What Did Coors Taste Like Before Prohibition?

An abridged history of Prohibition reads something like this:

A sad day on January 16, 1919 saw the the implementation of the 18th Amendment to the U.S. Constitution and subsequent outlaw of alcohol. Brewing companies, beset with tragedy and loss, consoled one another over cups of hibiscus tea filled mainly with their own tears (we're making this part up). Then, 14 years later, Prohibition was repealed and brewers cast aside those tea sets to grasp once more at a destiny full of barley, hops, and malt.

At Coors, a brewing company with history dating back to 1873, the repeal of Prohibition led to business as usual. But while the same company logo was easy enough to reinstate, nobody could find the original pre-1919 recipe and the (now ubiquitous) "banquet" beer was born.

In 2004, a brewer discovered an old logbook containing the pre-1919 Coors recipe (according to KDVR the book was rescued from a flooding basement). The company decided to test it out, and, liking it, began producing "Batch 19," a pre-Prohibition style lager.

To answer your question: yes, it seems like a gigantic marketing stunt. And when you consider Batch 19 isn't brewed according to the exact recipe, just inspired by it, eyebrows are likely to raise even higher.

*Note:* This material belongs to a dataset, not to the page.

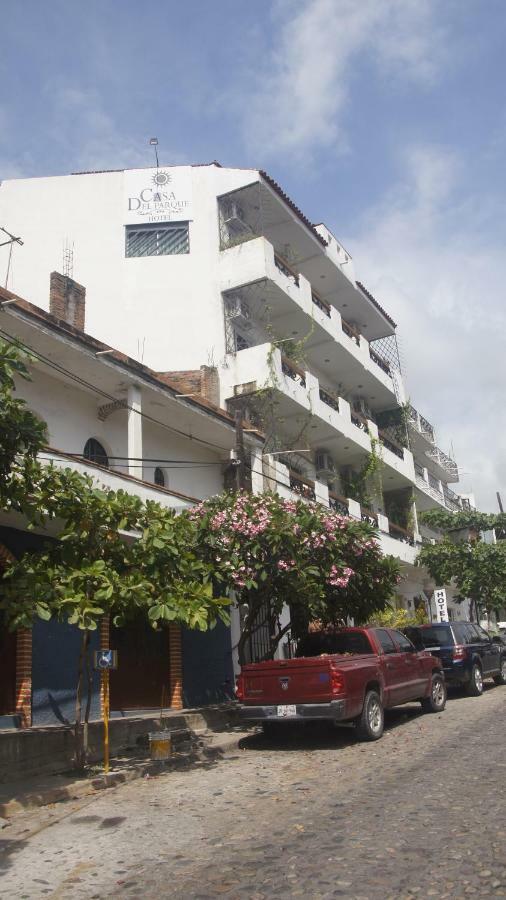 Casa Del Parque Vallarta Пуэрто-Вальярта Экстерьер фото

Master brewer Keith Villa countered those claims in an interview with Metromix, explaining:

We didn’t have the same yeast, or the same hops or the same malt. Literally those ingredients have passed into history to be replaced with more modern versions. We tried to recreate best as we could the recipe that they made back then using modern ingredients ... The net result is a beer that’s very malty, medium-bodied, full-flavored with a really nice assertive hop character to it. We think it truly represents what they would have made and drunk before 1919 when prohibition put an end to brewing.

It's certainly a compelling story. And according to ratings, a fairly decent brew to boot. Reviews on Beer Advocate range from "a weaker American Pale Ale," and "a nice little beer in a Schlitz Gusto sort of way," to the all-telling "I'd order one again if the choices were limited."

An about-face by big brewers in recent years has seen micro-brew styles coming from MillerCoors, Budweiser, etc. Among these are Blue Moon, Shock Top, Batch 19, American Ale, Colorado Native, and a handful of others. Will the big boys co-opt the craft beer movement? Unlikely, though we're happy to see the little guys making waves.